Wednesday, 12 June 2013

Joint Oireachtas Committee on Education and Social Protection

Junior Certificate History Curriculum: Discussion

1:30 pm

Mr Gerard Hanlon:

I will answer the first few questions, if I may. In a sense, we have gone ahead of ourselves with some of the questions. By that, I mean that the substantive issue is that history may not even be taught at all. Students may not actually have the opportunity to experience history. I will read statement No. 8 again because it is the one that most obviously dovetails into history. It says the student: "values local, national and international heritage, understands the importance of the relationship between past and current events and the forces that drive change". Anyone who has studied history would presume that history will be used to fulfil or meet that statement of learning. However, the Department's own document says students may achieve this by looking at Chinese, classics, CSPE, geography, Jewish studies, religious education or science. I quote those subjects without prejudice. There is nothing wrong with those subjects but a school principal, who has 24 statements of learning that must be fulfilled in his or her school, might decide that Chinese will meet statement No. 8 and schedule a short course in Chinese. History may never be offered as a subject. In the context of Senator Healy Eames's remarks about the history teacher who enthused her, future students may never actually have such a teacher. That, for us, is the substantive issue.
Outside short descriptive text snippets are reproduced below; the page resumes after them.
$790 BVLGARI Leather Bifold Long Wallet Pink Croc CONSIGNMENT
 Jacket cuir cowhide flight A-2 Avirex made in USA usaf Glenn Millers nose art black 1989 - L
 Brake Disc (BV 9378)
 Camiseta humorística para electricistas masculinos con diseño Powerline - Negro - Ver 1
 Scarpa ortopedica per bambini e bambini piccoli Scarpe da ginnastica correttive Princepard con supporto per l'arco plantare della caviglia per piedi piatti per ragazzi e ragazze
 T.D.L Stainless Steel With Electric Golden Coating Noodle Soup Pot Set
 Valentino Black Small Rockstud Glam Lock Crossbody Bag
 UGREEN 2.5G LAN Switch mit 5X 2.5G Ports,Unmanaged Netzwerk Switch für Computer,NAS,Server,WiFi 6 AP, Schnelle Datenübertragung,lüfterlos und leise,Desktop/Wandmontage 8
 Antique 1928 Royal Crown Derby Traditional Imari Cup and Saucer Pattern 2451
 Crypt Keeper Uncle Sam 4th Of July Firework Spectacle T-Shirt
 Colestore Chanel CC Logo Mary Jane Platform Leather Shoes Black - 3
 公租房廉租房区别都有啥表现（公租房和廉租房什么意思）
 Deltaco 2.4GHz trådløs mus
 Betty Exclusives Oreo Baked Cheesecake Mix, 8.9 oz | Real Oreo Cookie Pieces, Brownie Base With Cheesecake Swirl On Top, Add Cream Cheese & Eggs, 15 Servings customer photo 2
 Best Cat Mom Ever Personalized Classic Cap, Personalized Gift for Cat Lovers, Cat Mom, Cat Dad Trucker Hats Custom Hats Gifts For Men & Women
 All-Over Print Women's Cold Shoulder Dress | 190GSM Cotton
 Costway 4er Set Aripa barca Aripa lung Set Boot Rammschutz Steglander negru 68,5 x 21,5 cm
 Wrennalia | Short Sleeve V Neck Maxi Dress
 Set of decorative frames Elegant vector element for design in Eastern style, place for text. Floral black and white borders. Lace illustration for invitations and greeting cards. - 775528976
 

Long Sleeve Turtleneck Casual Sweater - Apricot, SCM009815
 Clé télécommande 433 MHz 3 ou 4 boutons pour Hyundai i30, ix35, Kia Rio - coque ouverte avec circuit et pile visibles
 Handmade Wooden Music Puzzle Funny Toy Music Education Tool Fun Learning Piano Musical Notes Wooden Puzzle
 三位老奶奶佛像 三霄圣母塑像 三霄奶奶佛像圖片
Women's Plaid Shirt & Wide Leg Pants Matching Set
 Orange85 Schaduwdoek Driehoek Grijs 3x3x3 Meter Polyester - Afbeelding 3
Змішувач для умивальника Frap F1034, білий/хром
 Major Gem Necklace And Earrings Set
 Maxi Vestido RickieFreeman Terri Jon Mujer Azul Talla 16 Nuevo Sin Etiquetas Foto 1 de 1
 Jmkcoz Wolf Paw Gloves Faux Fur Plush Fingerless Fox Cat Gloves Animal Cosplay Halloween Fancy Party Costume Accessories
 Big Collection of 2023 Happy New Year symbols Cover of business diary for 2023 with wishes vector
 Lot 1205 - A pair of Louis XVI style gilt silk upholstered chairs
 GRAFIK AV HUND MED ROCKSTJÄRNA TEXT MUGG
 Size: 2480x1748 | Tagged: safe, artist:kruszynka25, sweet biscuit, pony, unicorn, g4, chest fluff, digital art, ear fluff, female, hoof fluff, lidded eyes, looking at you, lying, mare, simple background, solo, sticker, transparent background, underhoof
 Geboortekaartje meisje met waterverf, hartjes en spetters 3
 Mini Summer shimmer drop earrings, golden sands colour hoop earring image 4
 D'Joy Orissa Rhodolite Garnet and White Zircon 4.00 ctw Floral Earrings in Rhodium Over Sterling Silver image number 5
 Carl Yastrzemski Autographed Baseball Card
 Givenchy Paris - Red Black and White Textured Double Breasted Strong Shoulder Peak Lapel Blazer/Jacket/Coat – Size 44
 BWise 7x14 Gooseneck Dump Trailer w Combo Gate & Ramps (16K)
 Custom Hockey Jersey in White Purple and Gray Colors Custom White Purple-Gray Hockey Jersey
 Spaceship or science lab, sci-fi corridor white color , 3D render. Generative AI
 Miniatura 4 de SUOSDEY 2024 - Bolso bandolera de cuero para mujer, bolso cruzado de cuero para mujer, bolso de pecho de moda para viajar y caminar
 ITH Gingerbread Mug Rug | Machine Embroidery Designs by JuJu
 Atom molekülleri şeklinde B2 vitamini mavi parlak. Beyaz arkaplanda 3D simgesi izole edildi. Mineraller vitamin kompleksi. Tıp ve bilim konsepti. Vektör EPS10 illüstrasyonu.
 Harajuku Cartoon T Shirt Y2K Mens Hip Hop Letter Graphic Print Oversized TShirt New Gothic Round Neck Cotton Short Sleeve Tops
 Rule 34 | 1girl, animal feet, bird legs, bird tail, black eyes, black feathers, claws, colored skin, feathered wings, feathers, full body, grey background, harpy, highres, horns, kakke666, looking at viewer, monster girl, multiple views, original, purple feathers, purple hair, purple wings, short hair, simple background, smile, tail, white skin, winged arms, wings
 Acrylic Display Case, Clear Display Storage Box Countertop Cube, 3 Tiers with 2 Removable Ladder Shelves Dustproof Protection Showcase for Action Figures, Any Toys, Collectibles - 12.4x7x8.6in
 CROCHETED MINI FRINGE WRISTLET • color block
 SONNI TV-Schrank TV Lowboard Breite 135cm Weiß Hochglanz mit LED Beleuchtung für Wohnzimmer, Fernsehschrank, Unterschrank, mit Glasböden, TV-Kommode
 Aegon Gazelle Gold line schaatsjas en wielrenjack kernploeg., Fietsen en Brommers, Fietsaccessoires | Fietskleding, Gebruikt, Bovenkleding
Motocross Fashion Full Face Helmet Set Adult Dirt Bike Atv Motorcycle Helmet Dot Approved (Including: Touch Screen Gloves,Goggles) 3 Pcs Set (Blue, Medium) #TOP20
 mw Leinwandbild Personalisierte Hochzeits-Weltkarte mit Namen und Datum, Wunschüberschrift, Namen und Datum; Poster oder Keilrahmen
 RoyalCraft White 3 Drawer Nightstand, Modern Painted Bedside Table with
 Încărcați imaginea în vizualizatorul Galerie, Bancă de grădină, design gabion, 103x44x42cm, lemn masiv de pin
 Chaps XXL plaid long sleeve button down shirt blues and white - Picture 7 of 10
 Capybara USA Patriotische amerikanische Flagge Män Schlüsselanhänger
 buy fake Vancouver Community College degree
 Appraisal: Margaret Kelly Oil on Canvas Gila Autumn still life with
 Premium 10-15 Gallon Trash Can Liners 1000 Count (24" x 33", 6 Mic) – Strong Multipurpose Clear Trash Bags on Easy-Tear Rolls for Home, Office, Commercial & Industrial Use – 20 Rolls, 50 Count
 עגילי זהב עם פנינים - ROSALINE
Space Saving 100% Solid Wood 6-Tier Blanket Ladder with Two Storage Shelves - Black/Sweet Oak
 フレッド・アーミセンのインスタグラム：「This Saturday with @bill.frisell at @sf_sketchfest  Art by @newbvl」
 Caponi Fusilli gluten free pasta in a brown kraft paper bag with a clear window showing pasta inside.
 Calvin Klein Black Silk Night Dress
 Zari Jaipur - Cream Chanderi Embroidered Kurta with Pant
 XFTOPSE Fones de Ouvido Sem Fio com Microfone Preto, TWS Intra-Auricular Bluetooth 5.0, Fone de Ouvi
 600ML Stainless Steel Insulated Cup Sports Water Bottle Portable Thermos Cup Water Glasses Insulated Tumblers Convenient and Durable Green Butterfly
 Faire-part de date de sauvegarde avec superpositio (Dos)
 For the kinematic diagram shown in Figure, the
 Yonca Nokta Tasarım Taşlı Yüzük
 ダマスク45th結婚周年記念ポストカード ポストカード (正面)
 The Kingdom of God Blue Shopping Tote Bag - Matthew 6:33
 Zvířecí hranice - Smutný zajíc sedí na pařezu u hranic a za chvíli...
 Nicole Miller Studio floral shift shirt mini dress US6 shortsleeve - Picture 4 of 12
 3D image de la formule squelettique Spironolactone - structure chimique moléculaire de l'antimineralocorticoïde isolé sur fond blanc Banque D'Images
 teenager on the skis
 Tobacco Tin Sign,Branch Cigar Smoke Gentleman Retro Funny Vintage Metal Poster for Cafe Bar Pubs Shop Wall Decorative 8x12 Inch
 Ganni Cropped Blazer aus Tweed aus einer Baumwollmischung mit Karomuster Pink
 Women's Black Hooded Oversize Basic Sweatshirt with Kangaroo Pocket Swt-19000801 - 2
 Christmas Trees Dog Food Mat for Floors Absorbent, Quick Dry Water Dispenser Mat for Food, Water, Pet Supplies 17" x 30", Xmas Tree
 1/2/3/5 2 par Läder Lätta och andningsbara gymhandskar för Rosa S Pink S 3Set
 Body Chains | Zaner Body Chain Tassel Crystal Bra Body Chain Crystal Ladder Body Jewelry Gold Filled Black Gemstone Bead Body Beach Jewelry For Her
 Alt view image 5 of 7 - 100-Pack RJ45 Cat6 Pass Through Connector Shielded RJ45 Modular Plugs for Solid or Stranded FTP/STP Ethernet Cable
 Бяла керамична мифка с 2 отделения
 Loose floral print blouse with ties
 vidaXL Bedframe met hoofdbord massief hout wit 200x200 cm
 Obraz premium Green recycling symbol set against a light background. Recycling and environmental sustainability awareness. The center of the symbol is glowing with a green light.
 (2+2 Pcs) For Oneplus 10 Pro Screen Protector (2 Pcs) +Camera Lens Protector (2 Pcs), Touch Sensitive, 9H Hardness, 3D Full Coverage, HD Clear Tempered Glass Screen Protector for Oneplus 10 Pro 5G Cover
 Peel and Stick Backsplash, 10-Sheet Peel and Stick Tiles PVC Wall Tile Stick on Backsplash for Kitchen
On the Department's document, we are probably 98% in agreement with everything that the Department has included in its executive summary. A lot of it is aspirational, however, as some of the questioners have pointed out. I do not know how it will be fulfilled but we must go back to basics. History may not be offered to students. It does not have to be offered under these statements of learning because the Department, in its own document, has given other options to schools to fulfil these statements of learning.